▸ **Material provided**:
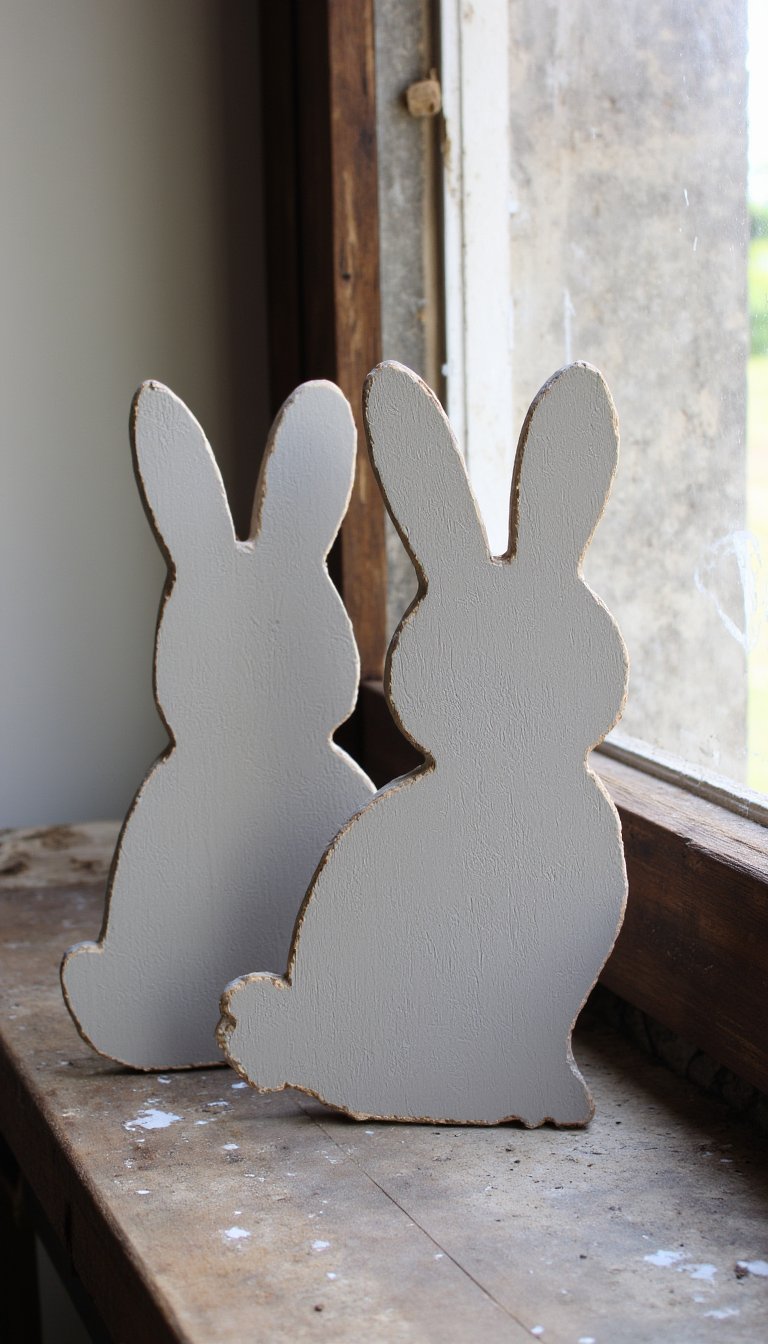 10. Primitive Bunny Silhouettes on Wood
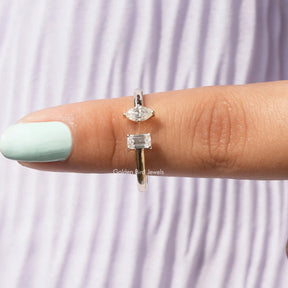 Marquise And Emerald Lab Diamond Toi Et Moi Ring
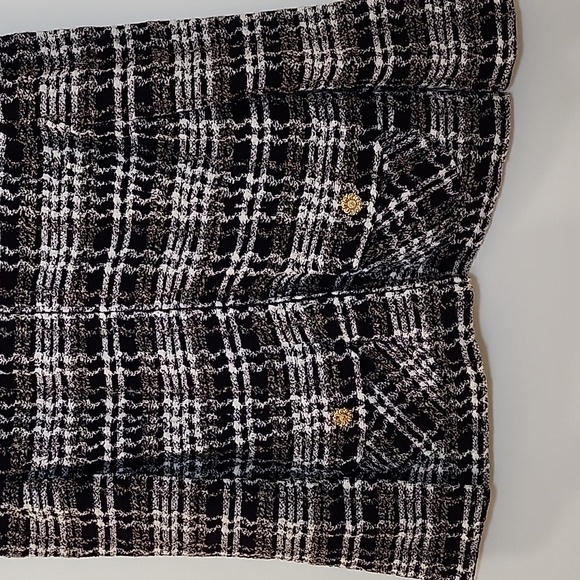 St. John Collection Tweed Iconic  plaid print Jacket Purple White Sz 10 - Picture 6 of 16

▸ **The problem**:
Using the listing above, write out exactly the lines from the one that holds "Marquise And Emerald" through the last line, both included, and omit pictures.

▸ **Answer to this problem**:
 Marquise And Emerald Lab Diamond Toi Et Moi Ring
 St. John Collection Tweed Iconic  plaid print Jacket Purple White Sz 10 - Picture 6 of 16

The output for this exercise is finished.